Las escaleras han sido un símbolo iconográfico utilizado en el Arte. Es el paso simbólico hacia otra dimensión, hacia otra vida o hacia un universo diferente. Ese otro universo al que el personaje representado hace cambiar ahora al ser que observa -los que miramos el cuadro-, haciéndolo detener y mirar asombrado la nueva promesa manifestada a sus ojos. Pero, no siempre es una revelación trascendente, transformadora o salvífica lo que esa acción alumbradora consiga albergar en la iconografía representada. A veces, como en la pintura del prerrafaelita Arthur Hughes (1832-1915), la revelación no es ninguna cosa trascendente sino algo más terrenal o menos deslumbrador espiritualmente. La visión de esta obra, por ejemplo, tiene además ahora una sensación dual, es decir, una doble percepción por el hecho de que el personaje retratado como el observador (nosotros mismos) están percibiendo una misma y desconcertante visión. Nos identificamos entonces con el personaje retratado que mira, sorprendido, lo que tiene delante de él. Somos ella misma mirando ahora, con descrédito acongojado, el sorprendente abalorio de cosas accesorias, innecesarias o fútiles, que la propia vida encierra entre las simas de lo avasallador o de lo condicionante.

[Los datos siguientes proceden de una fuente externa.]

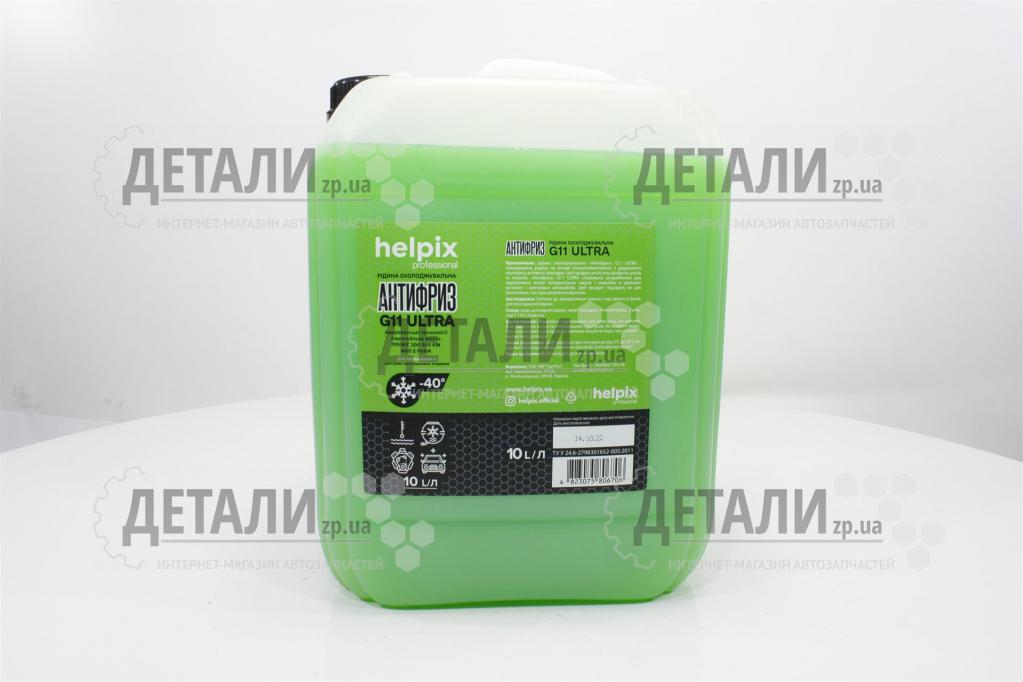 Охолоджуюча рідина (антифриз, тосол) 10л Helpix Professional -40 (зелений) G11 ULTRA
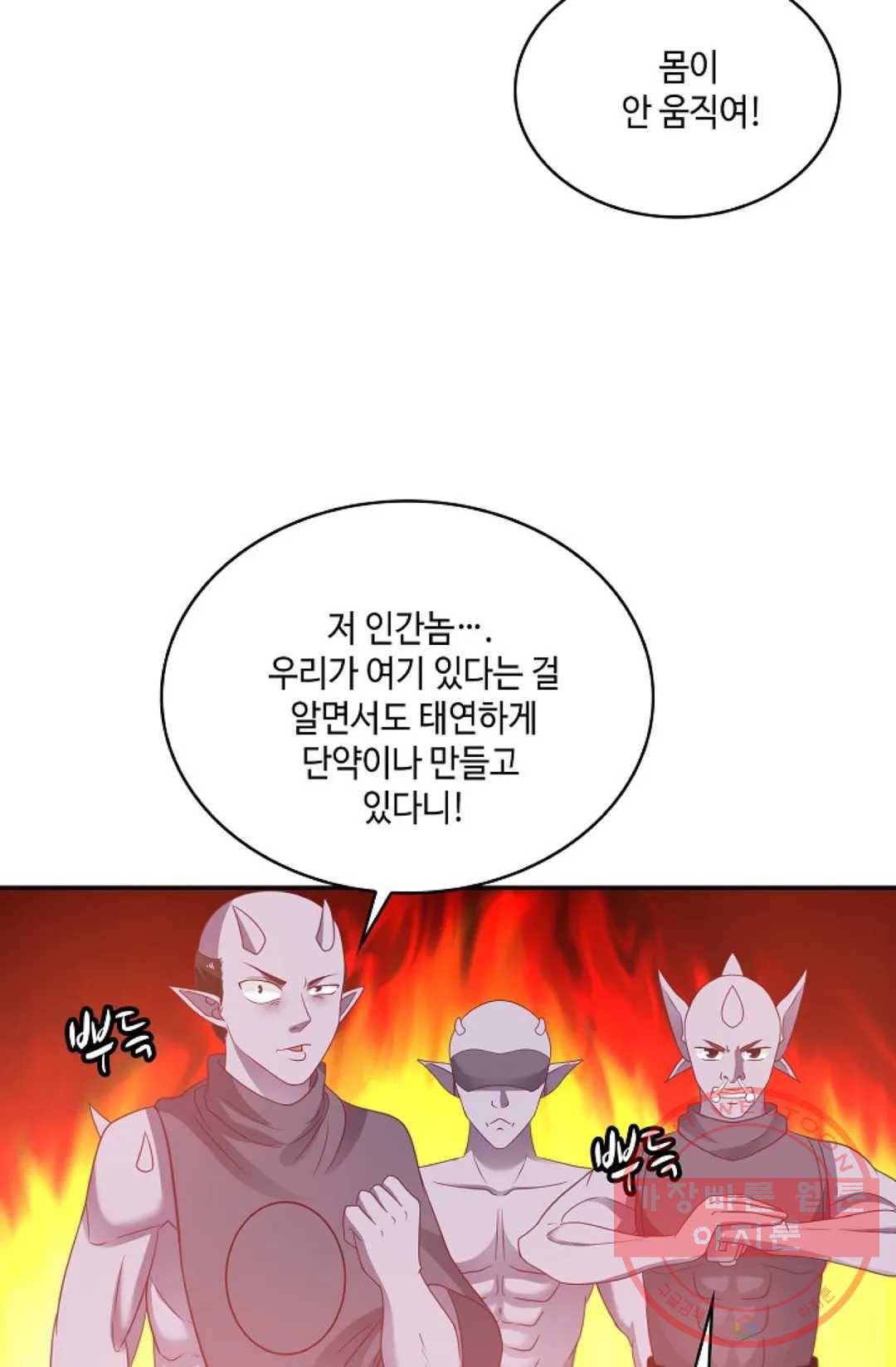 무련전봉 513화 66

En la obra de Hughes vemos un universo subterráneo descrito por un nivel inferior al que la escalera conduce impávida. Pero, hay otro nivel más bajo aún, se vislumbra ahora ennegrecido sobre la esquina inferior derecha del lienzo. Este es el paso ahora hacia el averno oscuro de la transformación más despersonalizada... Porque es la mascarada de esos accesorios un engaño que, antes, habría destinado al personaje hacia un destino u otro de su existencia. El mito de la caverna de Platón es un ejemplo filosófico para tratar de comprender esta representación curiosa. ¿Qué somos verdaderamente? ¿Qué es la realidad? Si observamos bien la imagen, la joven del cuadro no lleva ningún accesorio añadido en su cuerpo, salvo su austero vestido gentil. Representa ahora ella lo más puro del ser humano, sin nada añadido o superfluo material que la acompañe. Por esto mismo ella ahora se sorprende, descorazonada, al visionar la ingente diversidad de cosas materiales innecesarias que, desordenadas, se ofrecen al albur de los deseos de aquel que lo perciba. No escatima el pintor prerrafaelita nada representado en la obra: todo es un accesorio banal en la vida de los seres. Hasta las divinizadas alas disecadas de un ave mitificado; algo sagrado que, amarrado al puntal de la escalera, despliega ahora orgulloso sus plumas blancas.
No hay más pureza que la verdad desnuda. Esta es la certeza vital que, sin accesorios maquilladores, alcanzan por sí solos a ver los seres que se atreven a descubrirlo. Todo lo demás es confusión y fatalidad, es desmembrar así la memoria de una vida inauténtica. El personaje retratado puede significar también otra cosa. Ser, por ejemplo, el protagonista de una fábula teatral que busca abalorios para la representación de su personaje. Pero no, no es ese el semblante o el gesto que expresa la joven retratada. Ella representa mejor a una mujer que, sigilosa, baja los peldaños de una escalera aséptica para, así, llegar a descubrir algo que ahora la sorprende. Aparece incluso aturdida, indignada por ver tanta inutilidad añadida a la vida de los seres insatisfechos. Como el filósofo Platón, el pintor prerrafaelita representa los accesorios de la comedia como el reverso más imperfecto de lo Ideal. ¿Qué cosa podría ella cambiar, con las cosas que ve, en su personalidad para alcanzar más pureza aún? No hay nada ahí que consiga hacerlo verdaderamente. Al contrario, la belleza de ella no podrá ser mayor que con la que el pintor la retrata. Y por esto mismo la escalera no sube ahora sino que baja. No hay un ascenso ahí. No es necesario para ella subir... La simbología de la escalera ahora no elevará espíritu alguno en esta tesitura iconográfica tan personal. Salvo, quizá, en otra cosa: en lo que pueda proyectar el pintor fuera de su escenario iconográfico: en nosotros mismos, en los que ahora miramos el cuadro. Y esa será la justificación de la obra con esta visión de la fatalidad de bajar para hallar alguna cosa: que nada que se añada material a nuestras vidas podrá albergar nunca ninguna verdad... más allá de una decepción brutal y descorazonadora.
(Óleo Los Accesorios, 1879, del pintor prerrafaelita británico Arthur Hughes, Colección Privada.)